Any ideas on what happened? Where should I look next? Thanks in advance for the help.
 
Ouch ...

Ouch ...

Those pictures make me feel nauseous --
:crushed: :upset: :concern: :culpability:
Here's hoping you get it fixed easily and quickly
 
Guess someone didn't apply the proper thread lock on those screws.
The missing bit could be at the bottom of the chain tunnel catching the crank sprocket, magnet might get it out.
Here's hoping the damage is light.
 
I'm wondering if this is the cause or the effect. Not sure how both screws came out at the same time. I don't know what usually causes a cam chain to break, but maybe the sprocket screws snapped instead of the chain breaking in my case.

I'm done for the day. Back at it in the morning.
 
Guys, I am greatly in need of advice. I've fished down in the cam chain tunnel for the other half of the broken screw. I can't find anything. In addition, I saw a small piece of black plastic (chain guide) stuck to the wall when I began fishing. Tried to pull it out and it fell down into the tunnel.

I'm at a complete loss on what to do next. I'm working outside and winter is coming. On Wednesday, I'm going out of town for a month so this is my last chance to pull the motor this winter if needed. I hope I can find these pieces once the motor is off the bike. It's so hard to see down into the tunnel with the motor on the bike. Because the motor won't turn by hand, I'm guessing the broken bits are stuck between the chain and the cup on the bottom (#5 in the parts diagram which I can't figure out how to copy and paste).

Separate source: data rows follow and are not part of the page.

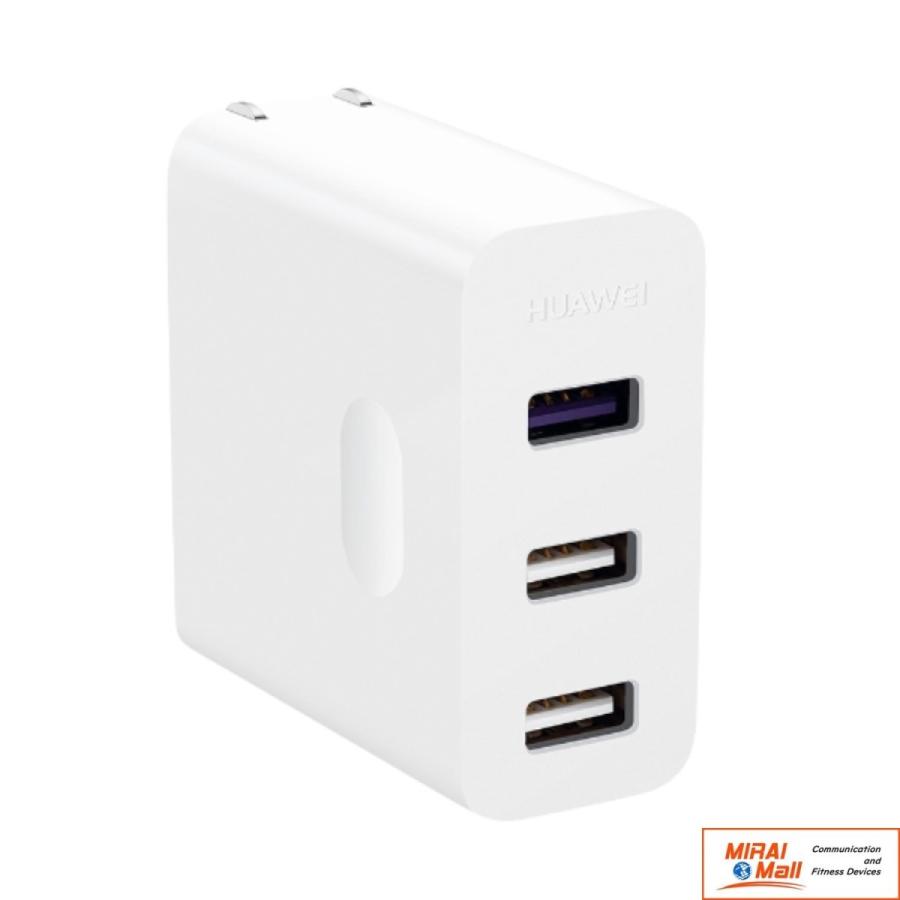 東京 発送 Huawei 純正 マルチ 急速充電器 3ポート 32 5w Hw 0900ch1 001h B002 Mirai Mall 通販 Yahoo ショッピング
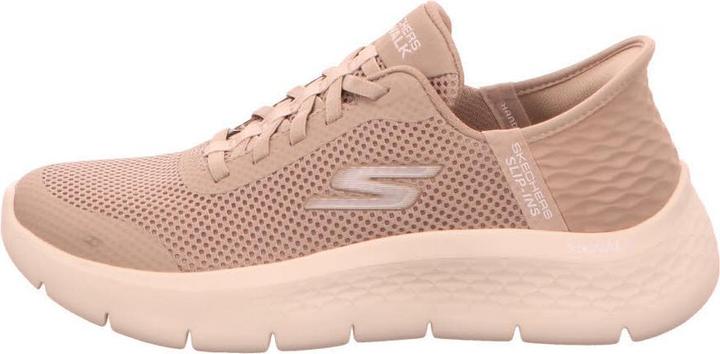 Produktbild Skechers GO Walk Flex - Grand Entrance (40)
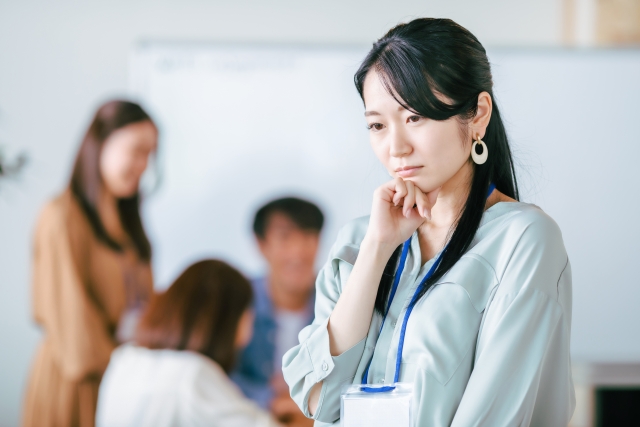 嘘をつく人の末路を理解するために知っておきたいこと
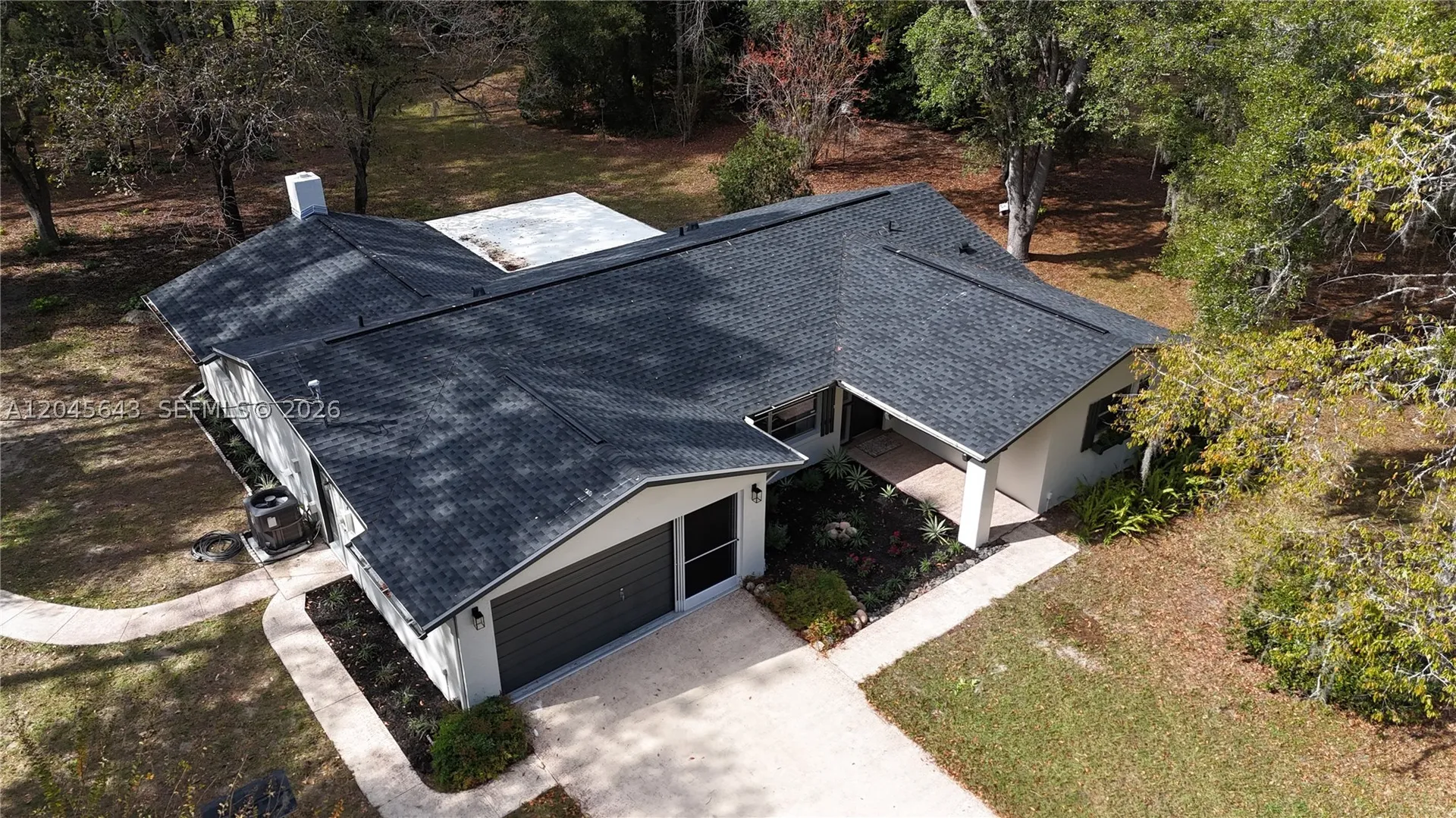 Other City - In The State Of Florida FL 34431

If something is stuck in there, is there a way to get in there with the motor on the bike? Is it even possible to get in there once the motor's off the bike? Looking at the manual, I can't even figure out how the plastic guides are held down. Do they just slide into this cup on the bottom?

Any help is greatly appreciated.
 
I'd pull the motor and take it apart indoors, in a nice dry warm shop. And put it back together with an 850 top end!

Or just find a nice tight GS 1000 engine to bolt in.
 
Screws coming off... Could it possibly be, a new cam-chain has been fitted?
Measure the # of links between sprockets marks.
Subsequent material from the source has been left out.